Which lines hold the string "Photo"? Copy each of them from the material below.

▶

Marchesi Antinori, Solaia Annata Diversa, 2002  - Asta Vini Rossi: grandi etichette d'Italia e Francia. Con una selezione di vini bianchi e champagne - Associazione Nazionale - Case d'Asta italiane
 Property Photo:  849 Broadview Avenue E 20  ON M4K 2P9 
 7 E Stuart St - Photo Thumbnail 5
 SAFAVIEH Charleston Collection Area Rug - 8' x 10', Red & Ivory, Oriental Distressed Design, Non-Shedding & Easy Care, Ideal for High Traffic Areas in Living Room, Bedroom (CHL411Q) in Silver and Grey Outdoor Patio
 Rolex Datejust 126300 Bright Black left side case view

◀

RESULT OF THIS TASK →
 Property Photo:  849 Broadview Avenue E 20  ON M4K 2P9 
 7 E Stuart St - Photo Thumbnail 5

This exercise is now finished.